◆ **Information provided**
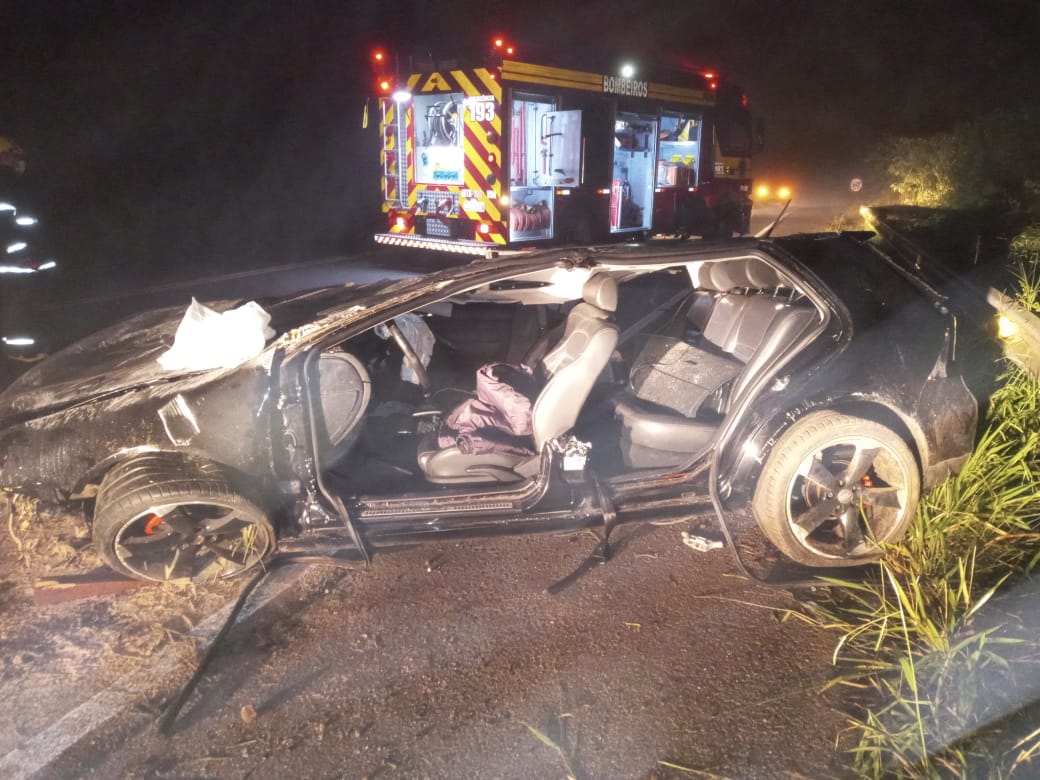 Carro fica completamente destruído em SC - Divulgação/CBM SC/ND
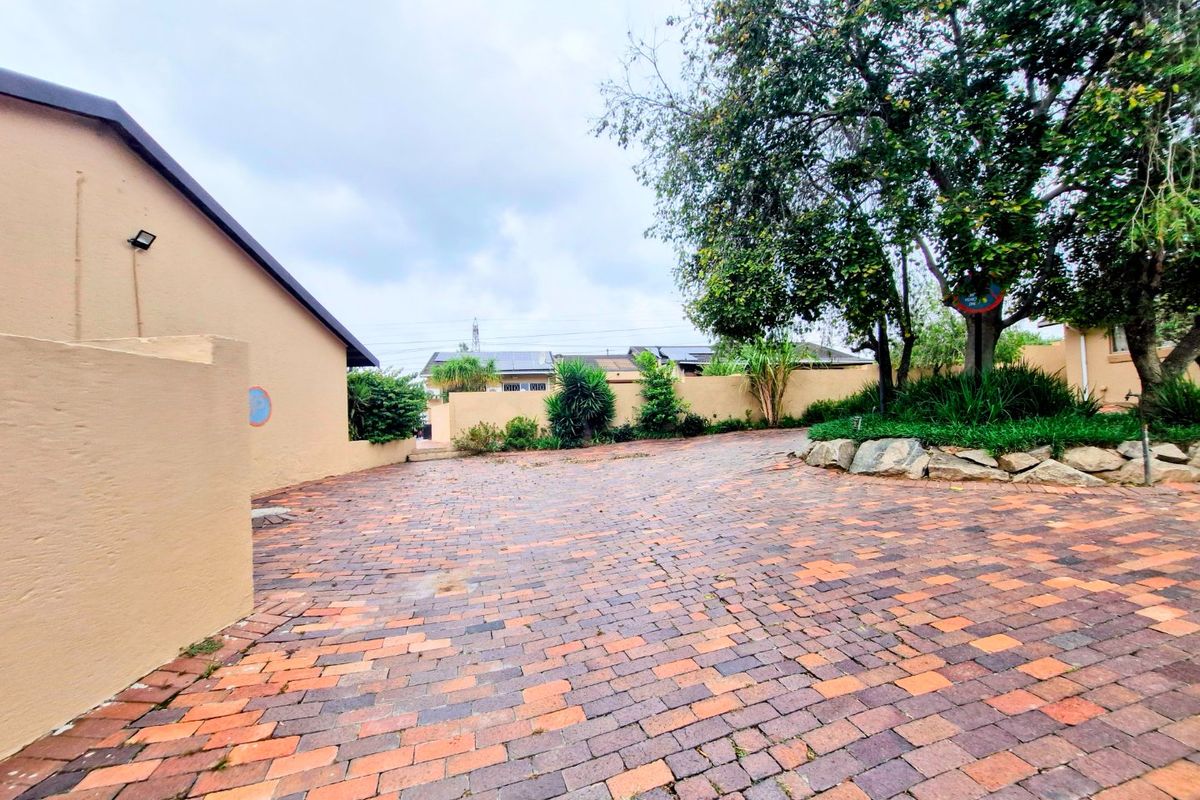 Gorgeous Modern Contemporary ,,,,,,,,,, 3 Bedrooms ,,2 Bathrooms,, Stunning  Kitchen  Rock Pool Covered Patio Townhouse. - Photo 4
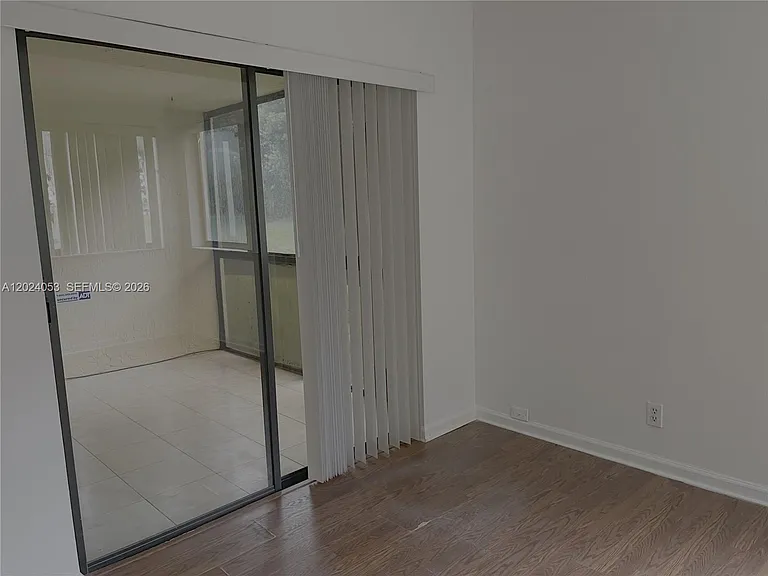 191 Lakeview Dr #102 — Photo 4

◆ **What is required**
Take the line that contains "Gorgeous Modern Contemporary" and all lines after it to the end of the material above, and copy them verbatim without any images.

◆ **Result for this exercise**
 Gorgeous Modern Contemporary ,,,,,,,,,, 3 Bedrooms ,,2 Bathrooms,, Stunning  Kitchen  Rock Pool Covered Patio Townhouse. - Photo 4
 191 Lakeview Dr #102 — Photo 4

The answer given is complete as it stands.